=== WORK TO COMPLETE ===
Up to and including the line holding "So that's how", write out the data exactly from its first line, but not the pictures.

(Dataset items)
+ + + + + + +

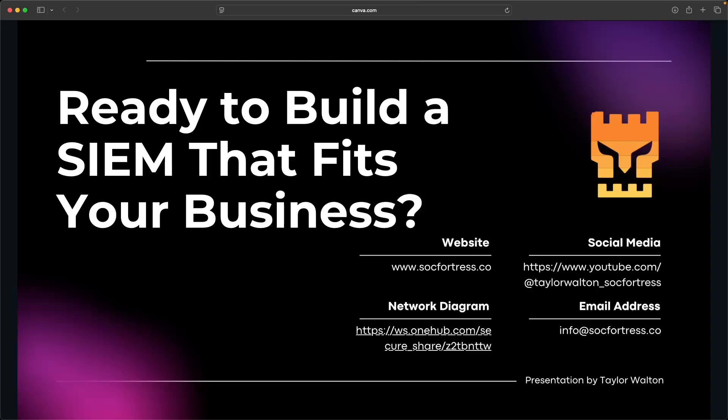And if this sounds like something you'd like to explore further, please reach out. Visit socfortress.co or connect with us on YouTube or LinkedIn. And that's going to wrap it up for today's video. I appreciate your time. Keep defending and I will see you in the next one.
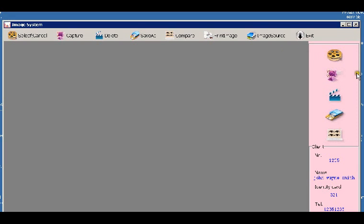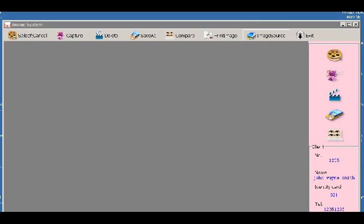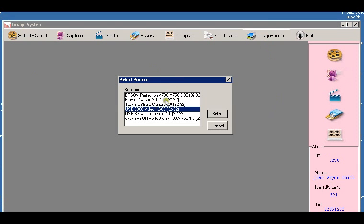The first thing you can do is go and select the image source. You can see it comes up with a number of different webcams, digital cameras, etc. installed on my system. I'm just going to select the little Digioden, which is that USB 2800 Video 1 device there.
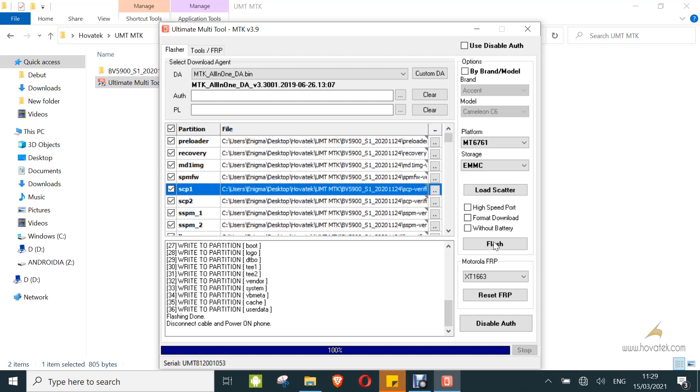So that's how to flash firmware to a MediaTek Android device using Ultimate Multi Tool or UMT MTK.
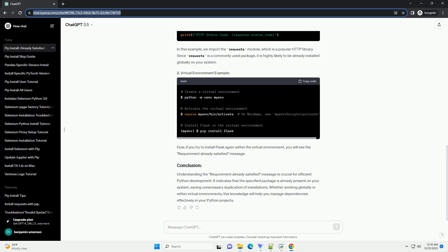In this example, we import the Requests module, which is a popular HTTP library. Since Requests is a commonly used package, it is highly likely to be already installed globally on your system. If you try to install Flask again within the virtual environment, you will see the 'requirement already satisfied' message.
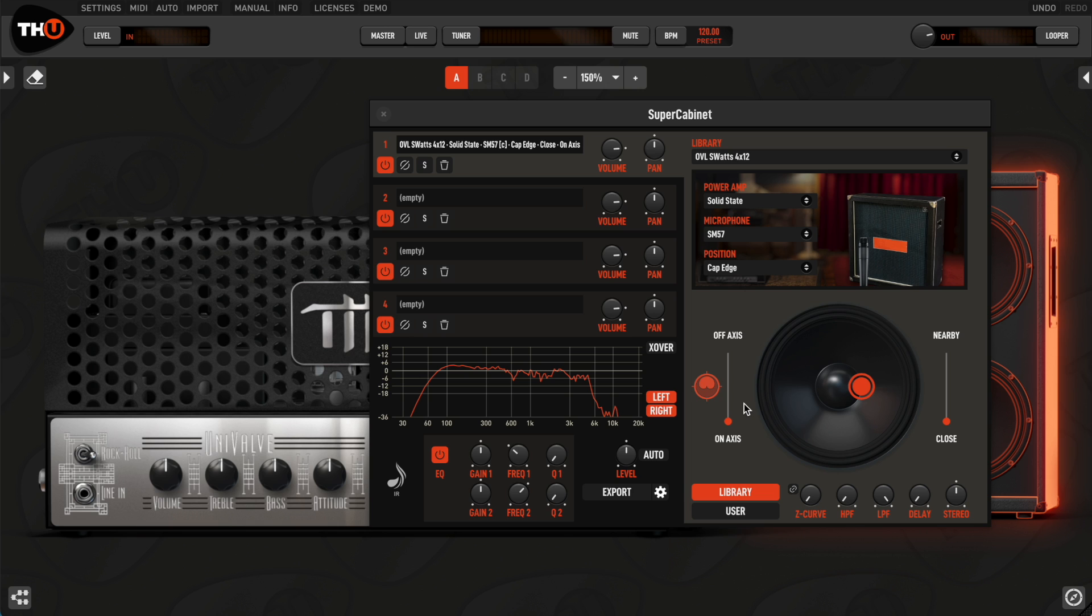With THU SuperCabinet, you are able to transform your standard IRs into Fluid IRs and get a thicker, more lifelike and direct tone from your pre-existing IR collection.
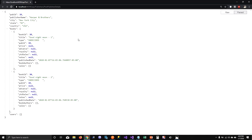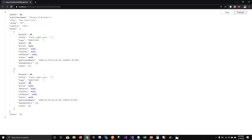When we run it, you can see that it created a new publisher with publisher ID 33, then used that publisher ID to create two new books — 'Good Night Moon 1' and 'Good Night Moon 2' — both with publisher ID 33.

+ + + + + + +

=== EXERCISE RESPONSE ===
And if this sounds like something you'd like to explore further, please reach out. Visit socfortress.co or connect with us on YouTube or LinkedIn. And that's going to wrap it up for today's video. I appreciate your time. Keep defending and I will see you in the next one.
The first thing you can do is go and select the image source. You can see it comes up with a number of different webcams, digital cameras, etc. installed on my system. I'm just going to select the little Digioden, which is that USB 2800 Video 1 device there.
So that's how to flash firmware to a MediaTek Android device using Ultimate Multi Tool or UMT MTK.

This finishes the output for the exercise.